Task requirements:
Each line below from the line with "Image No.15-Villa de" to the line with "USB-C-Dockingstation – Bild 10" must be copied exactly, including those two, and no picture may appear in the copy.

Stored data:
BEGIN

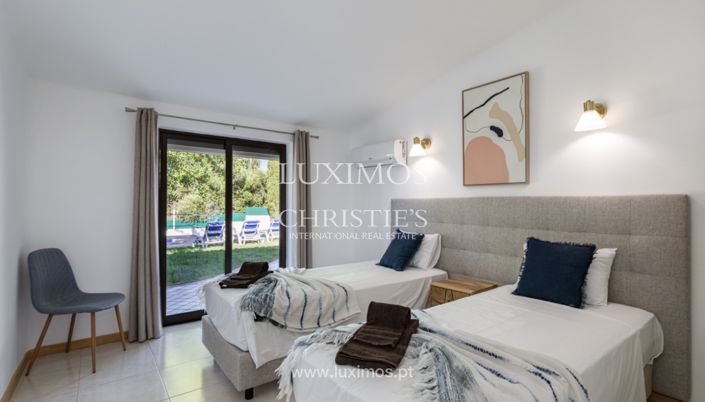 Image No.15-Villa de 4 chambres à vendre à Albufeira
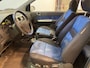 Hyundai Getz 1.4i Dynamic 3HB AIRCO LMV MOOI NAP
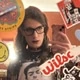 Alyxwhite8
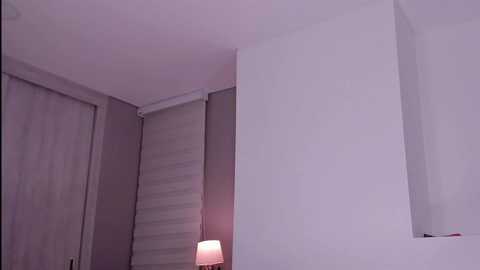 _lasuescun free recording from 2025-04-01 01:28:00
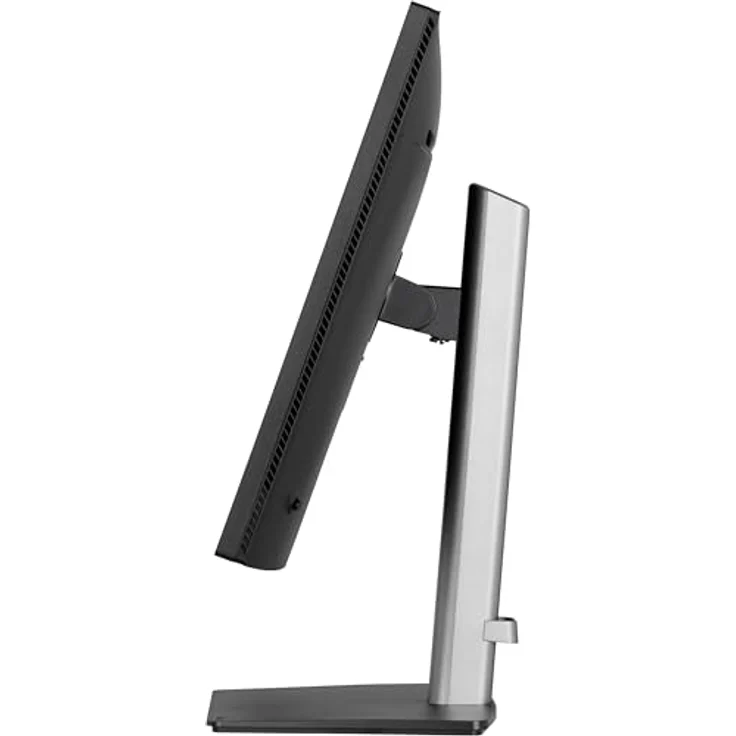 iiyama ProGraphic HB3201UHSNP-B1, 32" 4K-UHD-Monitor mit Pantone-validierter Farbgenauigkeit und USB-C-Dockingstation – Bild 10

END
BEGIN

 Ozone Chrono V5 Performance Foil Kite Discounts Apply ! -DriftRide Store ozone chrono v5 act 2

END

Exercise answer:
 Image No.15-Villa de 4 chambres à vendre à Albufeira
 Hyundai Getz 1.4i Dynamic 3HB AIRCO LMV MOOI NAP
 Alyxwhite8
 _lasuescun free recording from 2025-04-01 01:28:00
 iiyama ProGraphic HB3201UHSNP-B1, 32" 4K-UHD-Monitor mit Pantone-validierter Farbgenauigkeit und USB-C-Dockingstation – Bild 10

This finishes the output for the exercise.